Plus qu’une victoire, remporter une médaille d’or olympique fait date pour l’éternité dans la carrière d’un cavalier et sa monture. Les noms de Christian Kukuk et Checker 47, couronnés en individuel aux Jeux de Versailles début août, resteront à jamais gravés dans l'histoire du saut d’obstacles. Derrière chaque cheval, se cachent, souvent dans l’ombre, celles et ceux qui l’ont élevé, qui ont contribué à faire prospérer sa génétique, jusqu’à atteindre le Graal. Chaque cheval a une histoire. Qui l'a fait naître ? Où a-t-il été élevé ? Qui a cru en son potentiel ? Quelles histoires se cachent derrière sa mère ? Quel est l'héritage des anciennes générations ? Eléments de réponses pour le gris Checker 47, champion olympique pour le reste de sa vie.

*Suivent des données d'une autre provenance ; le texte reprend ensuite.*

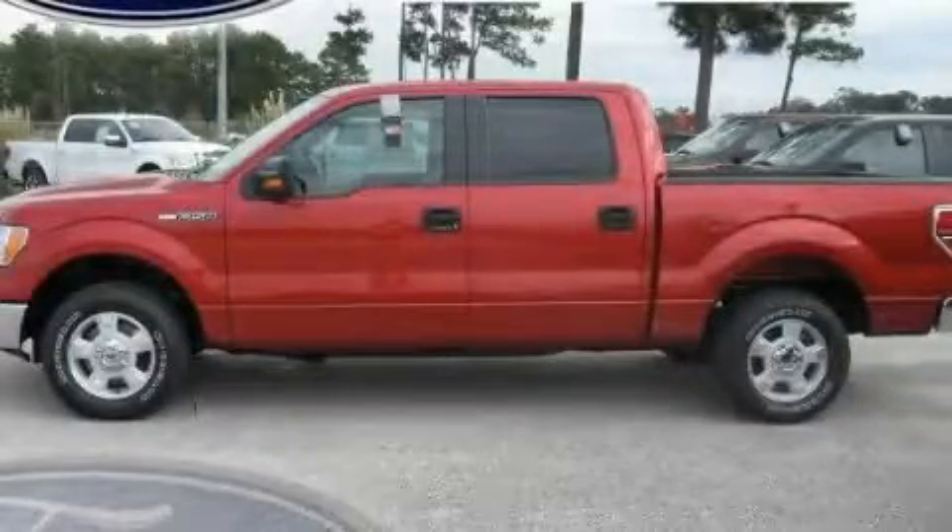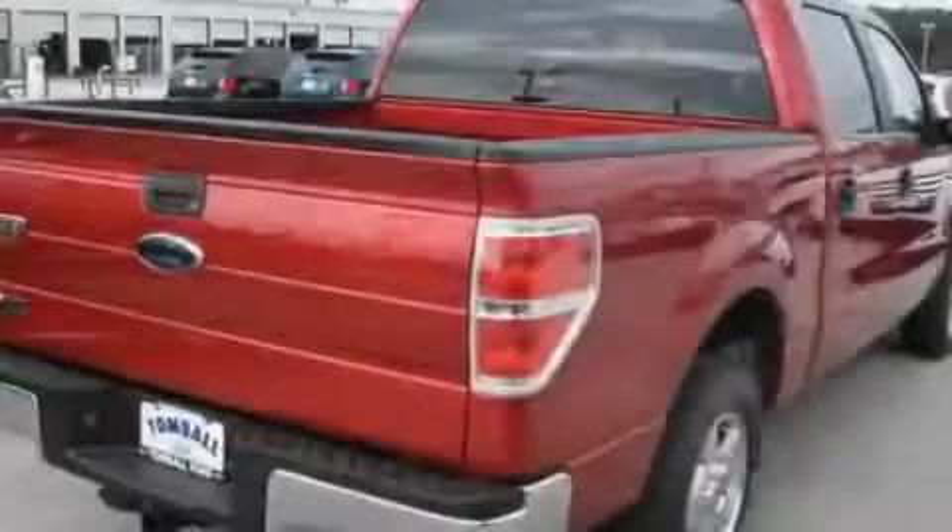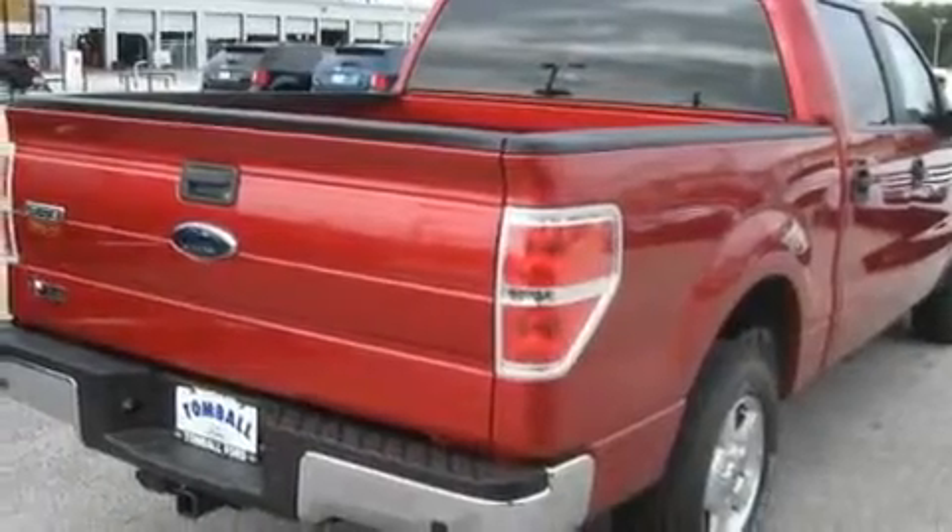This is a brand new 2010 Ford F-150 — strong, durable, and dependable. It has a 4.6 liter 8-cylinder engine and a 6-speed automatic transmission.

Retrouvez la première partie de cet article ici.

Pamina, une globe trotteuse que rien ne prédestinait à briller

Si les chevaux pouvaient écrire des livres, Pamina serait à l’origine d’une histoire en plusieurs chapitres. Née à Gestüt Lewitz, elle est acquise à deux ans par Wilhelm Winkeler. Il se souvient : “Je l'ai récupérée à Mühlen. Je l'ai d'abord accouplée à Catoki, et le poulain issu de ce croisement est Cedric III. C'était un excellent mélange. J'ai remporté le championnat du Oldenbourg avec Cedric III et je l'ai ensuite vendu à Mario Stevens. Par l'intermédiaire de Holger Hetzel, il a été vendu à Steve Guerdat. Finalement, il a concouru au niveau 1,45m avec d'autres cavaliers en Suisse. Après le sevrage de Cédric III, j'ai essayé de monter Pamina, mais sans succès. Elle était tout simplement trop difficile sous la selle et sa conformation aurait pu être meilleure. Elle était également très particulière au box. Cela peut paraître étrange, mais j'ai été soulagé lorsque je l'ai vendue. Je pense que personne ne s'attendait à ce que Checker devienne le cheval qu'il est aujourd'hui. Peu de gens imaginaient que Pamina puisse être une reproductrice intéressante et la mère de plusieurs chevaux de sport de haut niveau.”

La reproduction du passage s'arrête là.